Work instruction:
With the line containing "Endless God Realm Eps 39" as the start and the line containing "8340 SW 154th Terrace Palmetto Bay FL 33157" as the end, transcribe that span of the entries below exactly, including both.

═════ Provided records

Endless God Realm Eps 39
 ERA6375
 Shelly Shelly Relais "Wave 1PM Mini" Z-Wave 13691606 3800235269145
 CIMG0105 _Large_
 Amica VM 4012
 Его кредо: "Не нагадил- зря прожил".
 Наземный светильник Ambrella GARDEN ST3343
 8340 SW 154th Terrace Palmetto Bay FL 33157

══════════
═════ Provided records

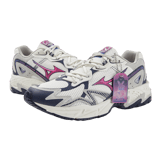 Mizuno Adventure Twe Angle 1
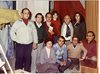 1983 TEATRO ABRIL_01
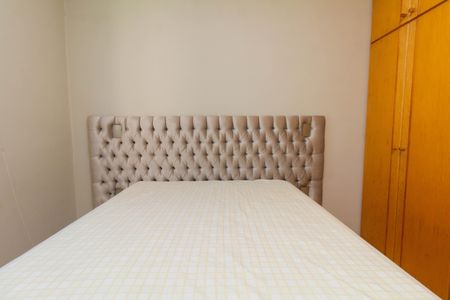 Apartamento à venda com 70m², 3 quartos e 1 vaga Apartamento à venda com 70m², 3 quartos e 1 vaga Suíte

══════════
═════ Provided records

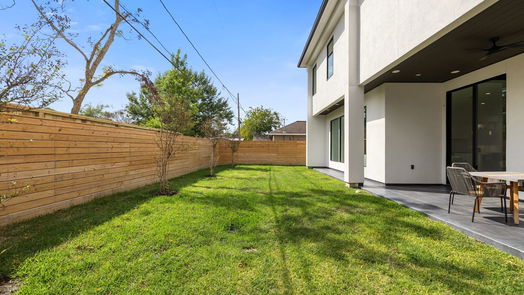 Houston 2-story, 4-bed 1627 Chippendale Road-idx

══════════

Task result:
Endless God Realm Eps 39
 ERA6375
 Shelly Shelly Relais "Wave 1PM Mini" Z-Wave 13691606 3800235269145
 CIMG0105 _Large_
 Amica VM 4012
 Его кредо: "Не нагадил- зря прожил".
 Наземный светильник Ambrella GARDEN ST3343
 8340 SW 154th Terrace Palmetto Bay FL 33157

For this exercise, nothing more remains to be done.